__Problem statement__: Transcribe this listing exactly; omit the pictures.

__Data extract__:
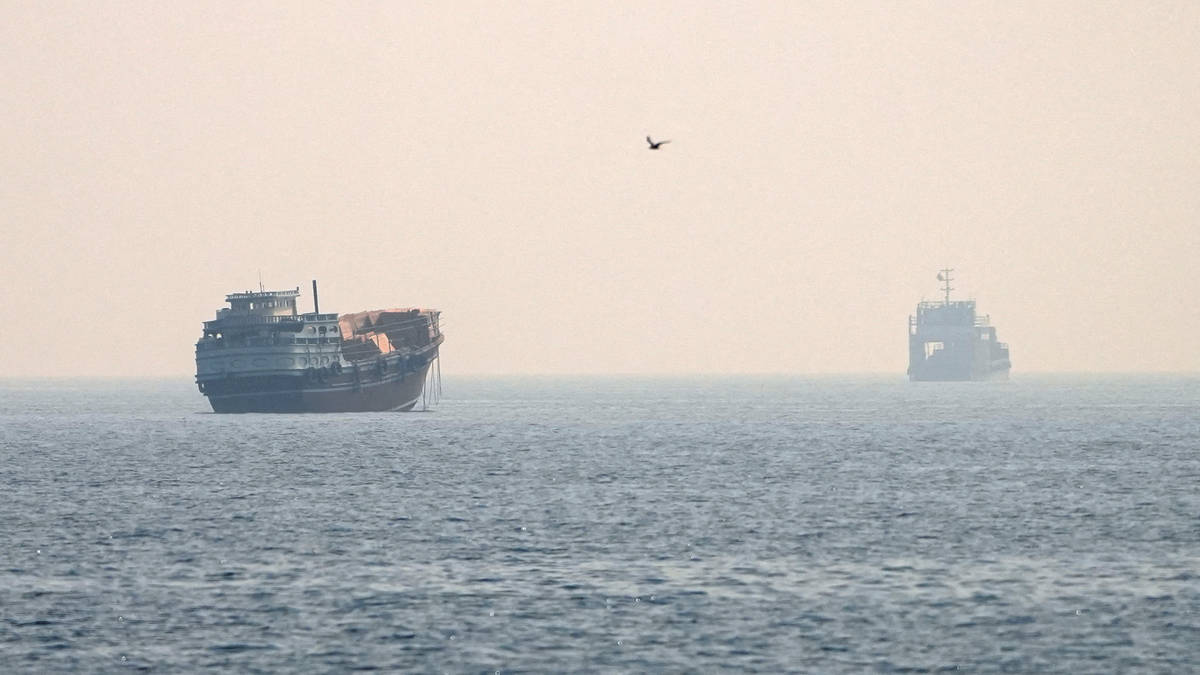 US-Iran Clash Deepens, Threatening Strait of Hormuz After Ship Fire and Retaliatory Strikes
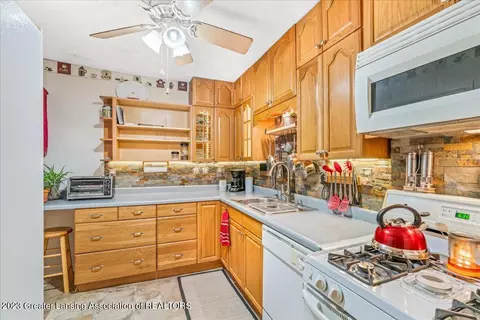 138 E 1st St, Ovid, MI 48866 photo 12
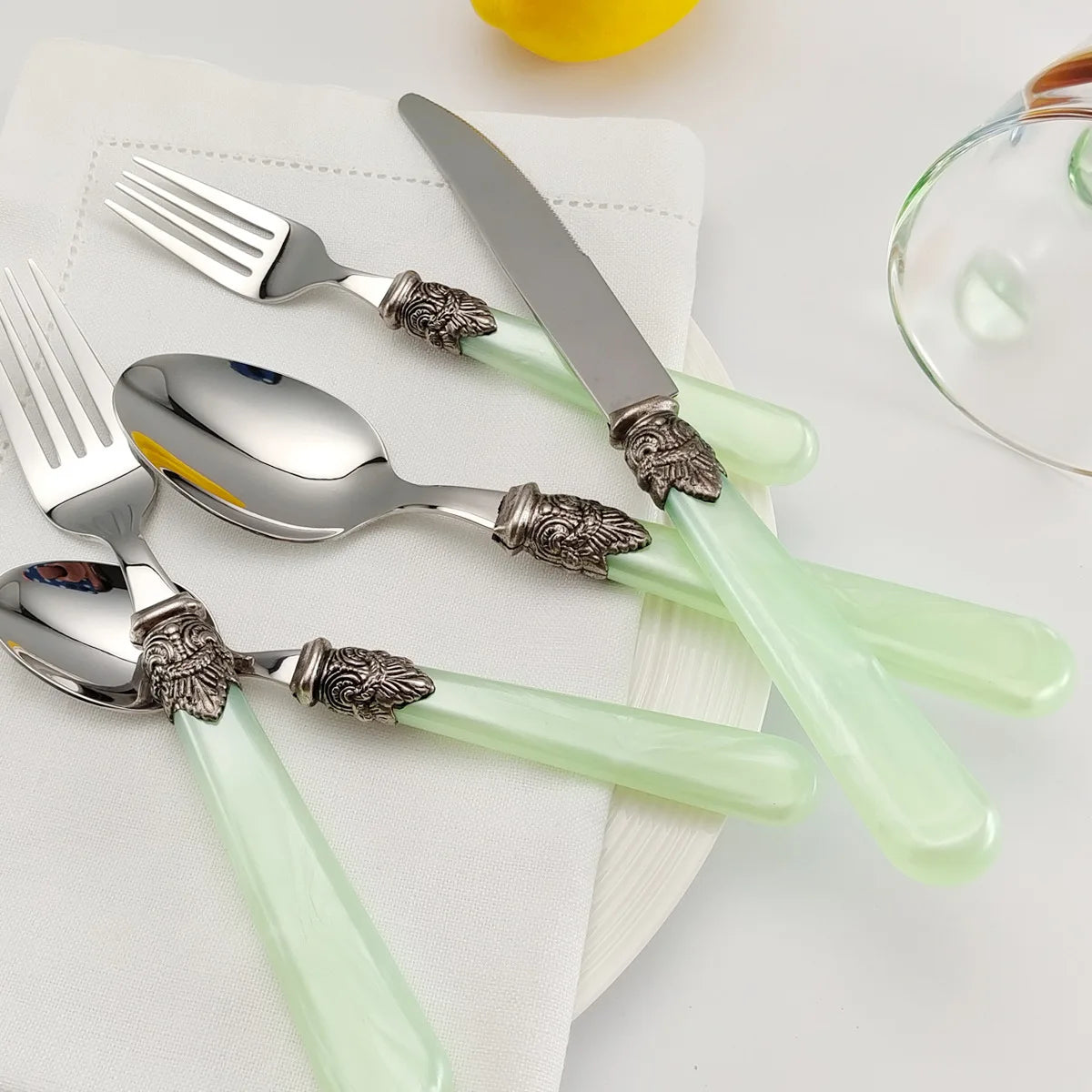 4pcs Green Stainless Steel Dinnerware Set Steak Knife Fork Spoon Dishwasher Safe Flatware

__Output of the exercise__:
 US-Iran Clash Deepens, Threatening Strait of Hormuz After Ship Fire and Retaliatory Strikes
 138 E 1st St, Ovid, MI 48866 photo 12
 4pcs Green Stainless Steel Dinnerware Set Steak Knife Fork Spoon Dishwasher Safe Flatware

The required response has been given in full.